» **PROVIDED RECORDS**
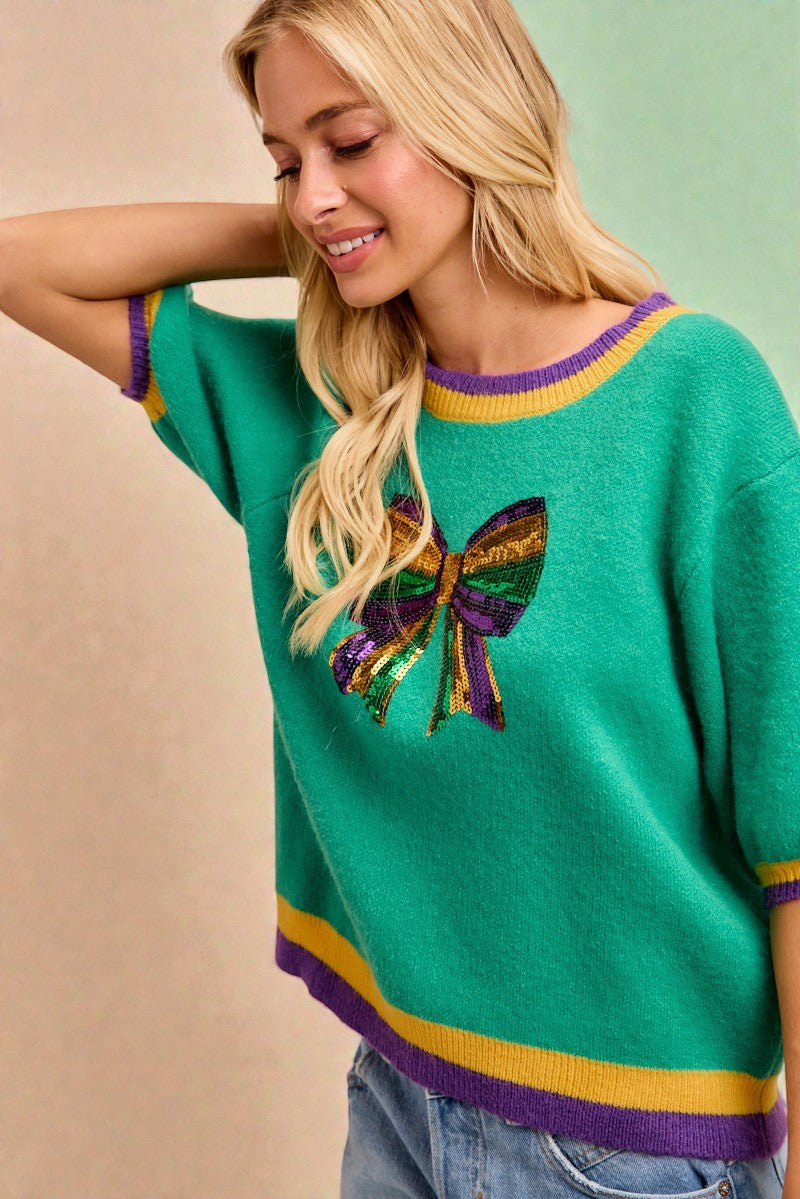 Woman wearing a green sweater with a colorful butterfly design on a beige and green background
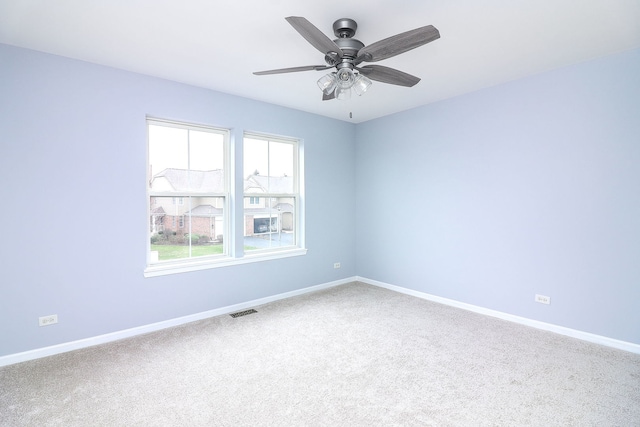 carpeted spare room with baseboards, ceiling fan, and visible vents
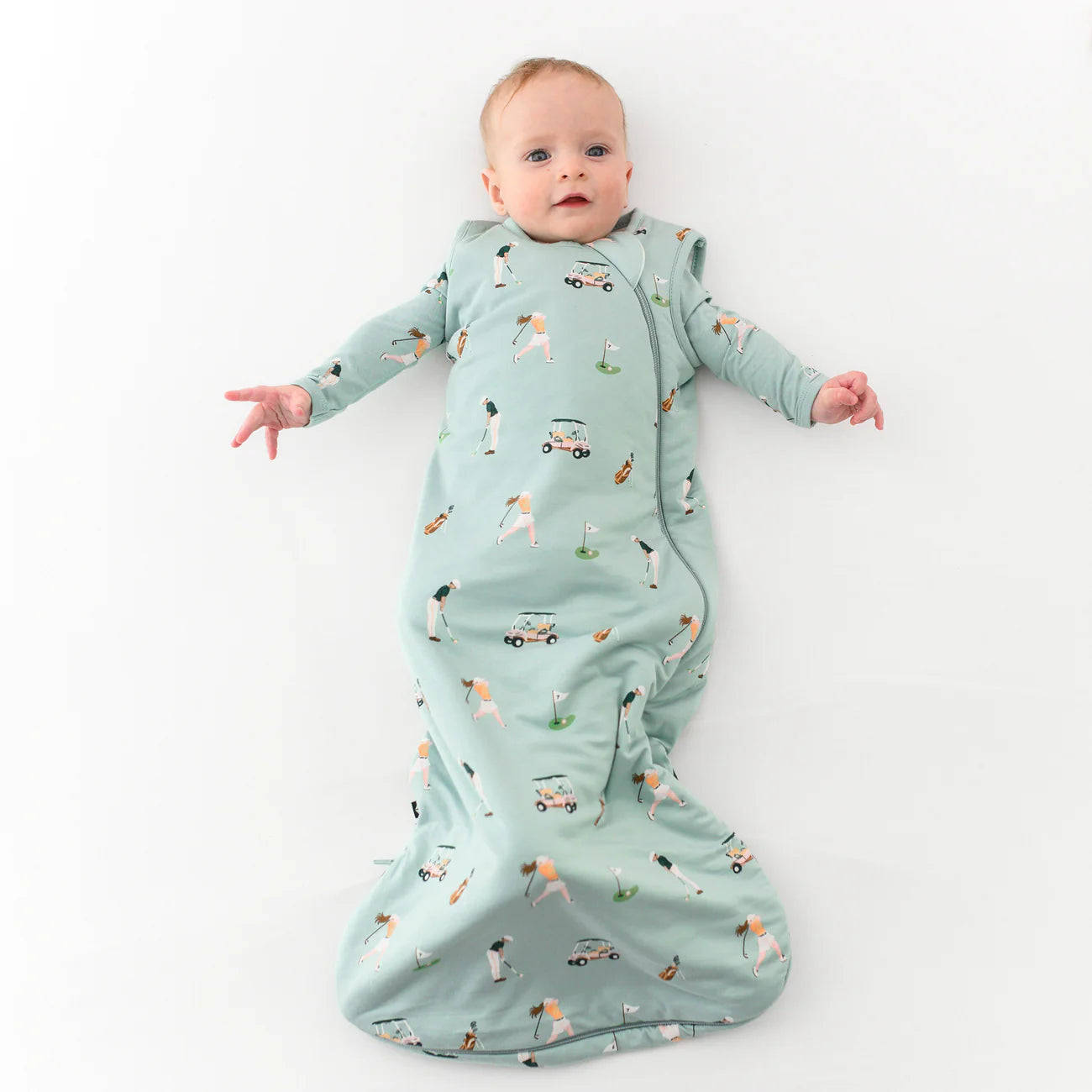 Baby in a light blue sleep sack with printed golf design on a white background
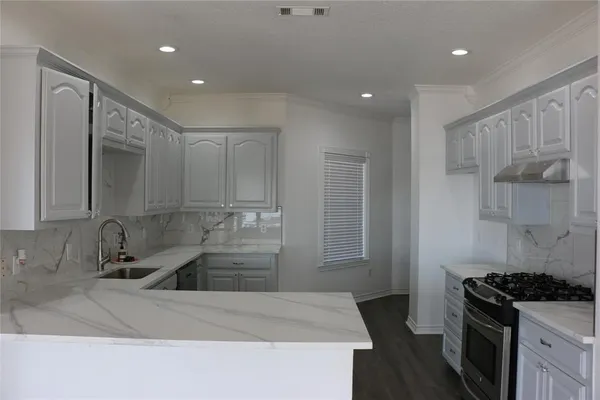 a kitchen with kitchen island a sink stove and refrigerator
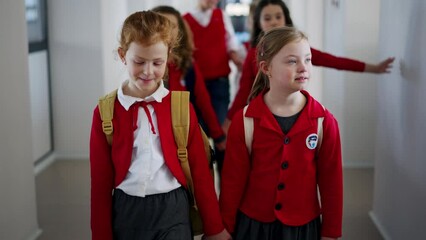 Canvas Print - Happy schoolgrirl with Down syndrome in uniform walking in scool corridor with classmates.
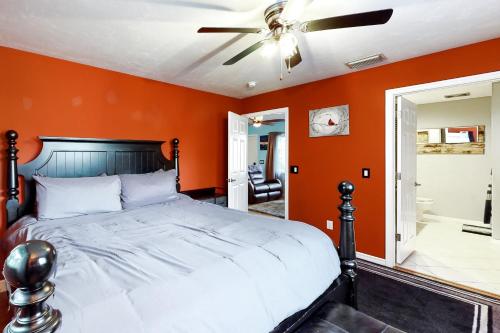 a bedroom with orange walls and a bed with a ceiling fan at Sundial Sanctuary in Fort Myers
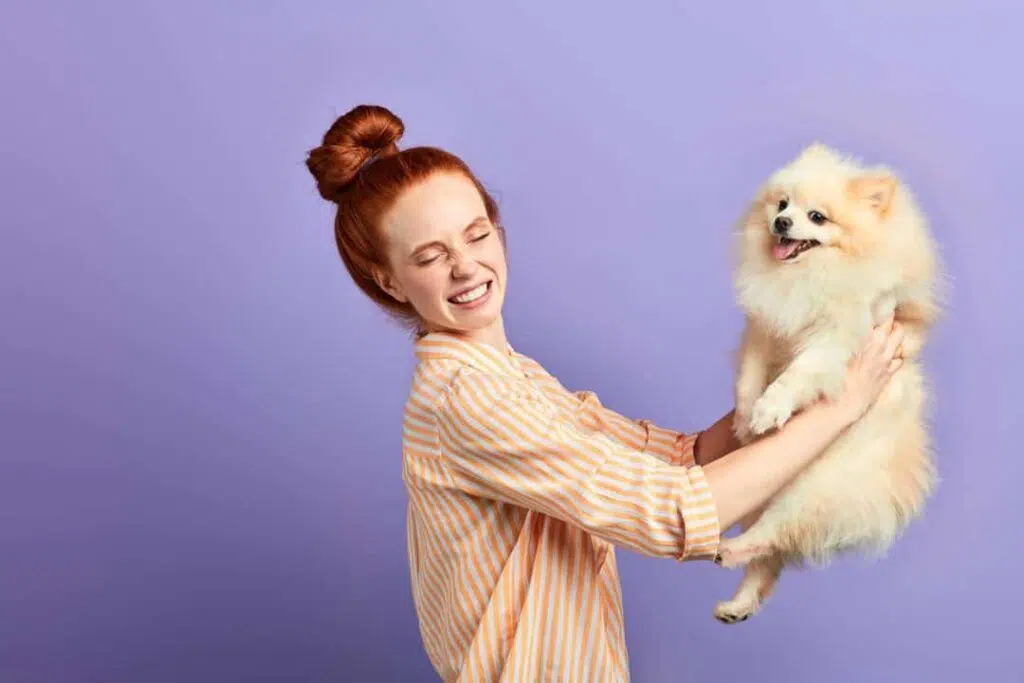 frustated women going to clean her pet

» **EXERCISE PROMPT**
An acceptable answer consists of the lines above from the one holding "Baby in a light" to the end of the data, repeated exactly and containing no pictures.

» **RESPONSE**
 Baby in a light blue sleep sack with printed golf design on a white background
 a kitchen with kitchen island a sink stove and refrigerator
 Canvas Print - Happy schoolgrirl with Down syndrome in uniform walking in scool corridor with classmates.
 a bedroom with orange walls and a bed with a ceiling fan at Sundial Sanctuary in Fort Myers
 frustated women going to clean her pet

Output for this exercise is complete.